The motivation for developing LeanVolumeInterpolator arose from the need to perform arbitrary two-dimensional slices on a 3D volume, with a focus on efficiency and speed.

Performance Comparison (Dense Volumes & Memmaps)

In a benchmark test using a large volume of size (1300, 900, 2300) stored as a NumPy memmap on disk, LeanVolumeInterpolator demonstrated significant performance improvements compared to SciPy:

  • Task: Interpolating arbitrary 3D coordinates from the memmapped volume (e.g., a dense ((1000 \times 1000)) grid).
  • Memmap size: The on-disk and logical in-memory size of this volume is approximately 2.5–10 GB depending on the chosen dtype.

Two aspects stand out:

  • Object initialization cost

    • LeanVolumeInterpolator:
      • Initialization time: on the order of tens of microseconds (e.g. ~0.008 ms).
    • SciPy RegularGridInterpolator:
      • Initialization time: on the order of seconds for this volume (e.g. ~2.2 s in one memmap experiment), due to internally materializing and indexing the full volume.
  • Per-call interpolation performance

    • In previous dense memmap benchmarks with (10^6) coordinates:
      • SciPy RegularGridInterpolator:
        • Average time: ~0.87 s
        • Throughput: ~1.15M points/sec
      • LeanVolumeInterpolator:
        • Average time: ~0.79 s
        • Throughput: ~1.27M points/sec
      • Speedup (Lean vs SciPy): ≈1.1× on the interpolation itself.
    • In a smaller memmap benchmark with 1,000 coordinates on the same volume:
      • LeanVolumeInterpolator:
        • Average interpolation time: ~0.50 ms
        • Initialization time: ~0.008 ms
        • Throughput: ~2.0M points/sec
      • SciPy RegularGridInterpolator:
        • Average interpolation time: ~1.0 ms
        • Initialization time: ~2,214 ms
        • Throughput: ~1.0M points/sec
      • Speedup (Lean vs SciPy): ≈2.0× per interpolation call, with orders-of-magnitude lower initialization cost.

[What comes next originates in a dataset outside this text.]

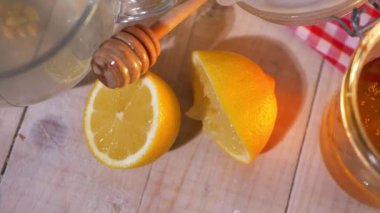 Soğuk algınlığı ve evde ballı ve limonlu grip ilacı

These experiments showcase LeanVolumeInterpolator's capability to handle large-scale volumetric interpolation efficiently on memmapped volumes, both by reducing one-time initialization overhead and by improving per-call interpolation throughput compared to the standard SciPy tools.

Performance & Memory with Sparse Volumes

When working with truly sparse 3D volumes (created with the sparse PyData library), SparseLeanVolumeInterpolator can operate directly on the sparse structure, while SciPy must first densify the volume before interpolation:

  • SciPy (RegularGridInterpolator):

    • Cannot consume sparse arrays directly; attempts raise an error instructing the user to call .todense() manually.
    • Densification time and memory can be substantial:
      • For a (100, 100, 100) volume at density 0.01, densifying takes on the order of 1–2 ms and creates a dense array of about 4 MB.
      • For a (500, 500, 500) sparse volume at density 0.01, densifying takes on the order of 70 ms and creates a dense array of about 500 MB.
      • For a (1500, 1500, 1500) sparse volume at density 0.01, densifying takes on the order of 2 seconds and creates a dense array of about 13.5 GB.
    • In our benchmarks we treat SciPy’s effective cost as densify + interpolation when starting from a sparse volume.
  • SparseLeanVolumeInterpolator:

    • Works directly on sparse.COO or sparse.DOK volumes without densification.
    • For moderate volumes where densification dominates (e.g. (100, 100, 100) or (200, 200, 200) with relatively few query points), including SciPy’s .todense() time yields speedups from ~2× up to more than 10× in favor of SparseLeanVolumeInterpolator.
    • For very large volumes where SciPy’s densification is extremely costly (e.g. (500, 500, 500) and (1500, 1500, 1500) at density 0.01 with modest coordinate counts), the sparse interpolator avoids hundreds of milliseconds to seconds of densification and saves hundreds of megabytes to tens of gigabytes of RAM, often resulting in overall speedups of ~4–5× or more compared to the densify+interpolate pipeline.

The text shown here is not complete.